▸ **DATA SHOWN**:
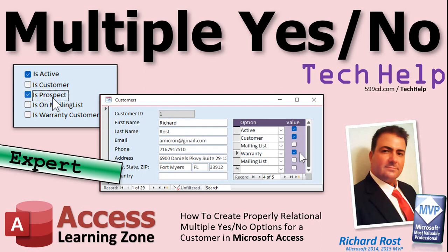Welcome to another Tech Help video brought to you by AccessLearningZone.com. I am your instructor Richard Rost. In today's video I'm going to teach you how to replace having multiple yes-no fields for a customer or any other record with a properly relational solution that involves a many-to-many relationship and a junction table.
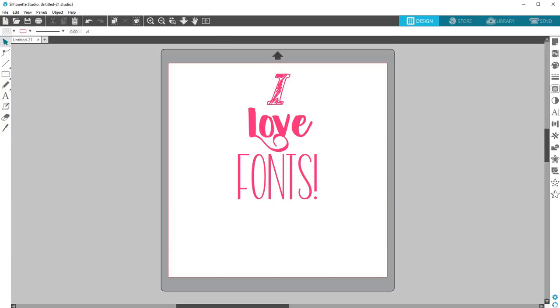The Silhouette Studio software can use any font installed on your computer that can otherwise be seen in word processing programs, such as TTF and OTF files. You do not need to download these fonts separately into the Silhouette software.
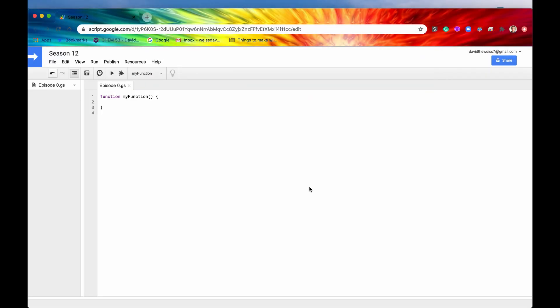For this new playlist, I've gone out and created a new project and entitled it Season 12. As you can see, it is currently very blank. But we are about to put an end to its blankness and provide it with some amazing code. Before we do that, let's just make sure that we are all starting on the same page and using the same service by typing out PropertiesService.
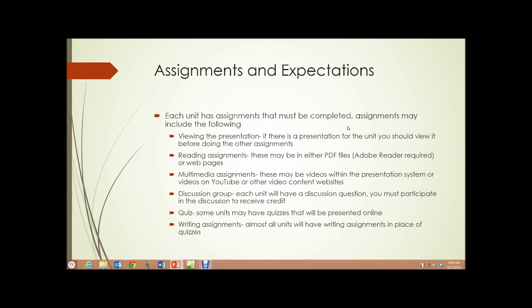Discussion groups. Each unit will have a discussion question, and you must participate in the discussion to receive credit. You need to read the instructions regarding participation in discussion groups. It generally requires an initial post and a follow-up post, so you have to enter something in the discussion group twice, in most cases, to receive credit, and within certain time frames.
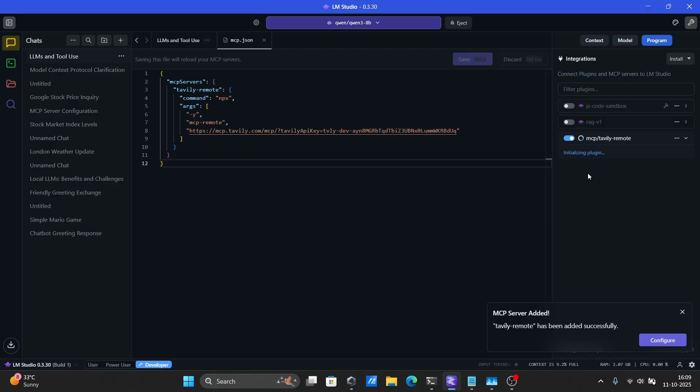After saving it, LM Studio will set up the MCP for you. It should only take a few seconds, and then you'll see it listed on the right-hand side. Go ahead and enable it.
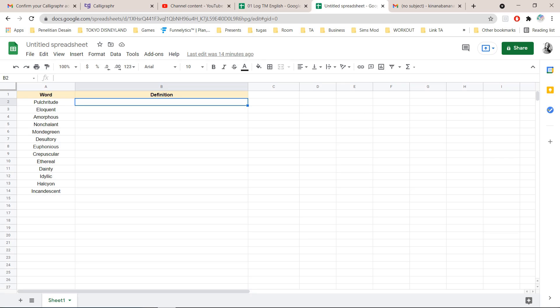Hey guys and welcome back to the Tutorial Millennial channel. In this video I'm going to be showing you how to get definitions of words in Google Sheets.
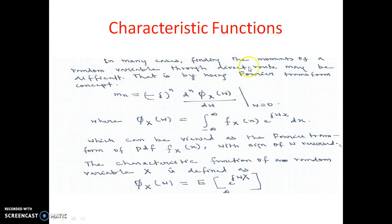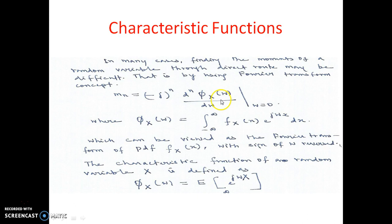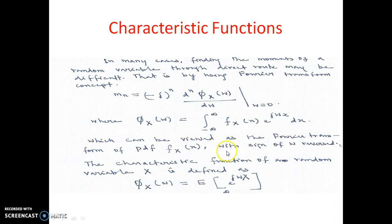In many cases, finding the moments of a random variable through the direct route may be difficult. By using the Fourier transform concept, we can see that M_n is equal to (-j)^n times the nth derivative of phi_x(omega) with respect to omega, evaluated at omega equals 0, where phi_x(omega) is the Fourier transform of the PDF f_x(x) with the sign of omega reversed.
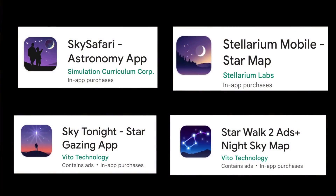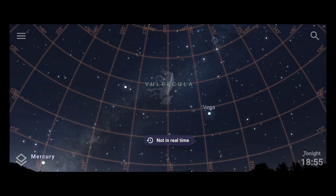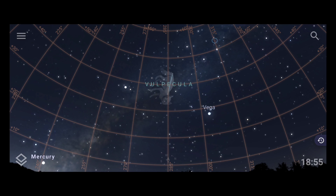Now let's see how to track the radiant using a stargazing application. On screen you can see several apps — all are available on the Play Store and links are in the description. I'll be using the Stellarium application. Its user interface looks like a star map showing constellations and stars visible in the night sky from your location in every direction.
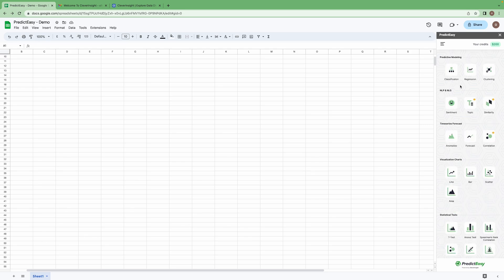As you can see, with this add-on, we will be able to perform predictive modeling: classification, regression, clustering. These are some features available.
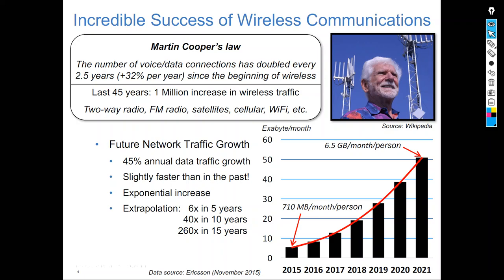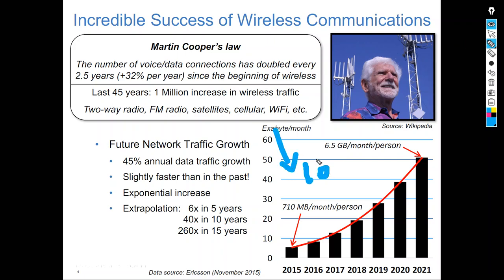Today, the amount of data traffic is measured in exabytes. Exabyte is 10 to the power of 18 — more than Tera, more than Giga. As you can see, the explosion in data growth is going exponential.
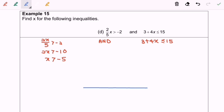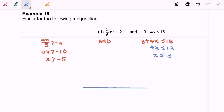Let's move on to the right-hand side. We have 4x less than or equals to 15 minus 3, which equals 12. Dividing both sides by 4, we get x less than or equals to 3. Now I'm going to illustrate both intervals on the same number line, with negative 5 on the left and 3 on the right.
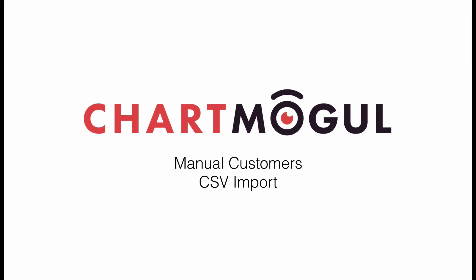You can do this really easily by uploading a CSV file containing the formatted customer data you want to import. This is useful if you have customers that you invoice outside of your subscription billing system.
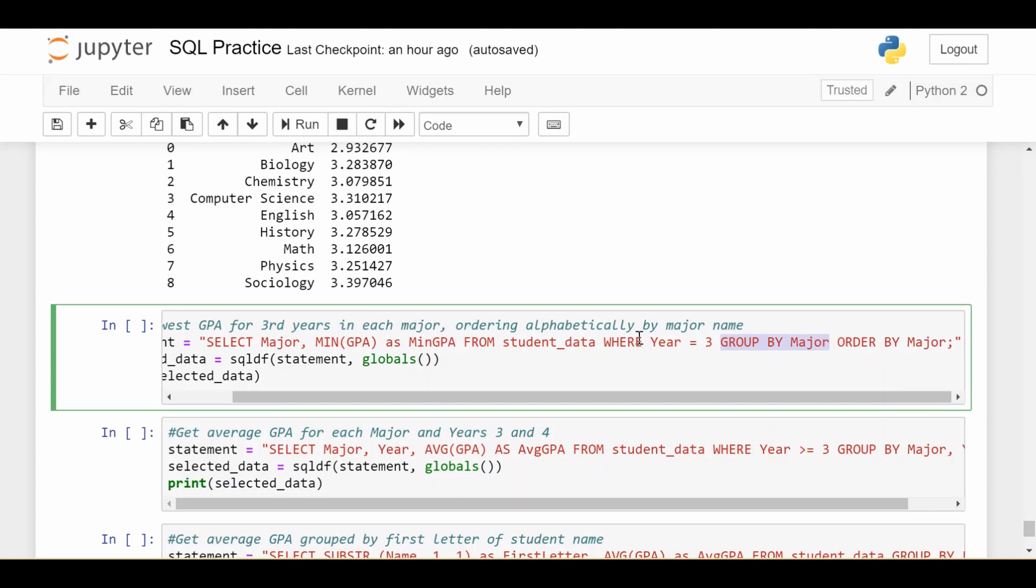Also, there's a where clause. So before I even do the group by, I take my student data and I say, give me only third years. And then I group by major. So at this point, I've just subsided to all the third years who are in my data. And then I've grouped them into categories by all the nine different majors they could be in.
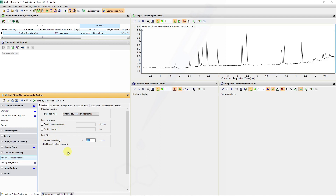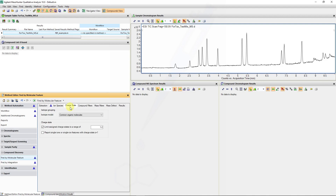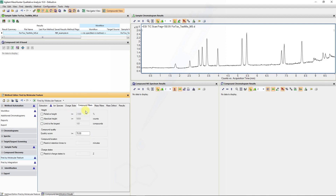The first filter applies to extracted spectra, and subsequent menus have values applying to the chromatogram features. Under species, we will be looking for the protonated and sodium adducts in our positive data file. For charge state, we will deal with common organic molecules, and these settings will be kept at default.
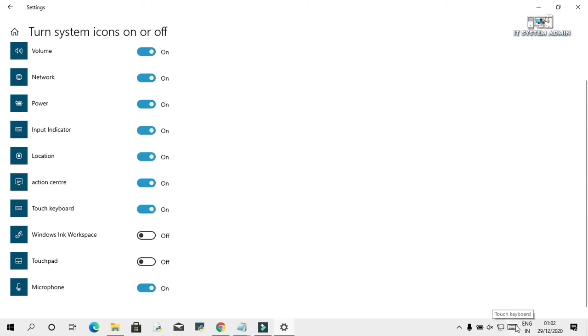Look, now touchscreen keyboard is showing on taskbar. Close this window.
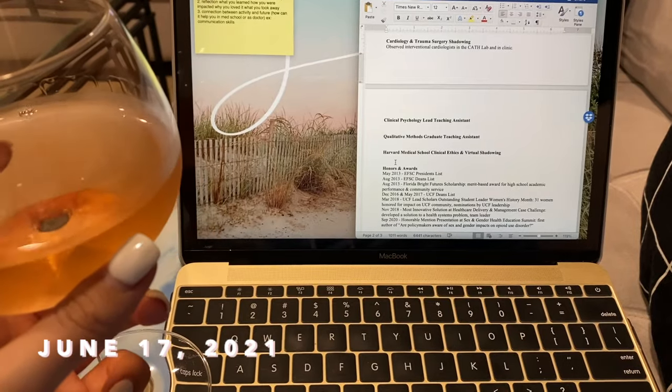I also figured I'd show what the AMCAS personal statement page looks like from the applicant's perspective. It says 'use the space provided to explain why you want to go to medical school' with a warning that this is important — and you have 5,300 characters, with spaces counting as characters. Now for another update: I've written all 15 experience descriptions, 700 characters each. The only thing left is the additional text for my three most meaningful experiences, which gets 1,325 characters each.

▸ **REQUIRED WORK**: In the listing above, find the line with "As you can see, with" and the line with "Let's move on". Copy exactly those two and every line between, without the pictures.

▸ **TASK RESULT**:
As you can see, with this add-on, we will be able to perform predictive modeling: classification, regression, clustering. These are some features available.
Today, the amount of data traffic is measured in exabytes. Exabyte is 10 to the power of 18 — more than Tera, more than Giga. As you can see, the explosion in data growth is going exponential.
Let's move on to the right-hand side. We have 4x less than or equals to 15 minus 3, which equals 12. Dividing both sides by 4, we get x less than or equals to 3. Now I'm going to illustrate both intervals on the same number line, with negative 5 on the left and 3 on the right.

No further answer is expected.